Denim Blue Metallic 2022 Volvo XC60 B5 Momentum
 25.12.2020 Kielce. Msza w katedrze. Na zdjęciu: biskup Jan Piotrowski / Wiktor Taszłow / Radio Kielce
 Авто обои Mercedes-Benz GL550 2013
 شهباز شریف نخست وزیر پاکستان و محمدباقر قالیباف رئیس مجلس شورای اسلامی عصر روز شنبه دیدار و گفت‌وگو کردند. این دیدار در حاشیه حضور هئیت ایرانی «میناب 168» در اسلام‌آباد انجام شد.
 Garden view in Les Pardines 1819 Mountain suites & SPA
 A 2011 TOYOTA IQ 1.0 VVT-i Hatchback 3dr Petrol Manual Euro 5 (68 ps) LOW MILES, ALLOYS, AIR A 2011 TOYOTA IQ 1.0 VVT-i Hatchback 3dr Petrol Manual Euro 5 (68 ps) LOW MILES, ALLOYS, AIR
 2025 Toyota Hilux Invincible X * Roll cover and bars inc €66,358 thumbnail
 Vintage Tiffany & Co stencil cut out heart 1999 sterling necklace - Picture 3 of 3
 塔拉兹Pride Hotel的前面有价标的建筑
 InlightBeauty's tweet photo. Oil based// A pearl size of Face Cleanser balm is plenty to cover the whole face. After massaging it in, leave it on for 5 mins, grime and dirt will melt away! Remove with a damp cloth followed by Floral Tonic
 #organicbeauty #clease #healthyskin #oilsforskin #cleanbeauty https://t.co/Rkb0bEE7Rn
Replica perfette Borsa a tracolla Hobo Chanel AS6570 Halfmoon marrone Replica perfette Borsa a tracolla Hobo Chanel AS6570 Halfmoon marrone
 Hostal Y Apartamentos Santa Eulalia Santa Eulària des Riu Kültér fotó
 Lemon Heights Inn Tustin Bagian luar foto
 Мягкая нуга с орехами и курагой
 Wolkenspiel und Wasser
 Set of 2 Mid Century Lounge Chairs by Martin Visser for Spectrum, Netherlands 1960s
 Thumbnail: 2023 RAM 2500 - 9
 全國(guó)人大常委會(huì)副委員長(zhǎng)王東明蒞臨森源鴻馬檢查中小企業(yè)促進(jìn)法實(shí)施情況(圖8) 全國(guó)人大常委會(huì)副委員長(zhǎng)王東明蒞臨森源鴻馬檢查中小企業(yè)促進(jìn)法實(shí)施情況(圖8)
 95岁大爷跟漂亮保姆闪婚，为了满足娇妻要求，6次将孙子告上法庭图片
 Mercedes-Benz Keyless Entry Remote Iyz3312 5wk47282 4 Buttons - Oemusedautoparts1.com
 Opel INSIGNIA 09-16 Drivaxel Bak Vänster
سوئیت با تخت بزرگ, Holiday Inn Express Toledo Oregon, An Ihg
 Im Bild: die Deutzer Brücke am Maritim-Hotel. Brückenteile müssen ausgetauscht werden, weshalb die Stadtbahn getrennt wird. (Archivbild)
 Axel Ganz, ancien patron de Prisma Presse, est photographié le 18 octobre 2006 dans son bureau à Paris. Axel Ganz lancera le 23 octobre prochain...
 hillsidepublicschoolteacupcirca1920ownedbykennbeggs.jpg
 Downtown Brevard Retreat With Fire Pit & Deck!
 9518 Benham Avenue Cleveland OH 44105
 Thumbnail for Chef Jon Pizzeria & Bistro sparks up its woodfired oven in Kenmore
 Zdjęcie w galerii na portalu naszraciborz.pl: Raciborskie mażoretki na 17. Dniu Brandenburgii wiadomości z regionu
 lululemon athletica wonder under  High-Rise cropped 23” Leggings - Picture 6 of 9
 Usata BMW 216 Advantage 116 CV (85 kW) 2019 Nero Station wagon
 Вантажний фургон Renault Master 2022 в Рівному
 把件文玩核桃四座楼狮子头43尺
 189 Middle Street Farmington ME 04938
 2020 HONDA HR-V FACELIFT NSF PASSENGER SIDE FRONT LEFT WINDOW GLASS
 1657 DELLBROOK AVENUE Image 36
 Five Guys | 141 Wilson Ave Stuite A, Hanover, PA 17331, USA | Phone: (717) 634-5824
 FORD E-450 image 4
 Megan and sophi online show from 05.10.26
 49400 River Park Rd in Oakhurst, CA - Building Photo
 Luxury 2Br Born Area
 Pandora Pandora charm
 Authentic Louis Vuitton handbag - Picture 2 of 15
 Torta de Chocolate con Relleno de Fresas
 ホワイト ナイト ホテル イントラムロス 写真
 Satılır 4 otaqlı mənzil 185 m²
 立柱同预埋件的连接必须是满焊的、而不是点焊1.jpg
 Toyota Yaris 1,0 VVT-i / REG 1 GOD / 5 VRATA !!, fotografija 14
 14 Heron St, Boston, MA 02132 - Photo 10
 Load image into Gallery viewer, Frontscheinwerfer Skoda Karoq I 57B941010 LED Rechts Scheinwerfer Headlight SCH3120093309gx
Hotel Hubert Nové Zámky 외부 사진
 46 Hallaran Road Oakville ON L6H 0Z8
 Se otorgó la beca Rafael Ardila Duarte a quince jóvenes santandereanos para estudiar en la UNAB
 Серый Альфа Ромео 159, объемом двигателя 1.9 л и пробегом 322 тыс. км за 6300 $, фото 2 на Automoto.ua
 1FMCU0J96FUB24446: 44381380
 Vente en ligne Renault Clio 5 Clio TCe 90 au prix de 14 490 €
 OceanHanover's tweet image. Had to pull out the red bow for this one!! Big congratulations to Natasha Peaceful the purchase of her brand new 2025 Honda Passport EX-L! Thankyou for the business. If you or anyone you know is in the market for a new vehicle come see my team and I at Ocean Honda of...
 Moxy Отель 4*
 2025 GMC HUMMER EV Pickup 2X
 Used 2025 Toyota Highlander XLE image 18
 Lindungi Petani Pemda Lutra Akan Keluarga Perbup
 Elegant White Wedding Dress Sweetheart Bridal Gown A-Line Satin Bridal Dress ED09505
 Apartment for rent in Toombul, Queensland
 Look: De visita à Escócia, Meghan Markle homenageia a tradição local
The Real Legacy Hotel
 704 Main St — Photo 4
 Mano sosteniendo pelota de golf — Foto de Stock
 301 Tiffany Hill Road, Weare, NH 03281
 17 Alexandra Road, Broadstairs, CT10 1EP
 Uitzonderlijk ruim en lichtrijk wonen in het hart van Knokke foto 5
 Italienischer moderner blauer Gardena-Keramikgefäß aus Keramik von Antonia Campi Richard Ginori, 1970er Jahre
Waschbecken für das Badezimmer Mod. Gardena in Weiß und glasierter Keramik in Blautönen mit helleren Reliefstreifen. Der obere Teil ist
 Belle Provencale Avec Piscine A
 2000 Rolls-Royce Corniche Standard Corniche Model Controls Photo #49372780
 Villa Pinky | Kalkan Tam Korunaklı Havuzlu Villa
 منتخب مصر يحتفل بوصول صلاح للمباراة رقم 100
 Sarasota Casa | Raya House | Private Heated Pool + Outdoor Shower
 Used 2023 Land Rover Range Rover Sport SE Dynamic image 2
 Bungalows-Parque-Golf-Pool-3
=======
» GOAL OF THE EXERCISE
From the records above, extract exactly and only the lines that begin at the line with "Megan and sophi online show from 05.10.26" and stop after the line with "14 Heron St, Boston, MA 02132 - Photo 10".

» ANSWER TO THIS EXERCISE
 Megan and sophi online show from 05.10.26
 49400 River Park Rd in Oakhurst, CA - Building Photo
 Luxury 2Br Born Area
 Pandora Pandora charm
 Authentic Louis Vuitton handbag - Picture 2 of 15
 Torta de Chocolate con Relleno de Fresas
 ホワイト ナイト ホテル イントラムロス 写真
 Satılır 4 otaqlı mənzil 185 m²
 立柱同预埋件的连接必须是满焊的、而不是点焊1.jpg
 Toyota Yaris 1,0 VVT-i / REG 1 GOD / 5 VRATA !!, fotografija 14
 14 Heron St, Boston, MA 02132 - Photo 10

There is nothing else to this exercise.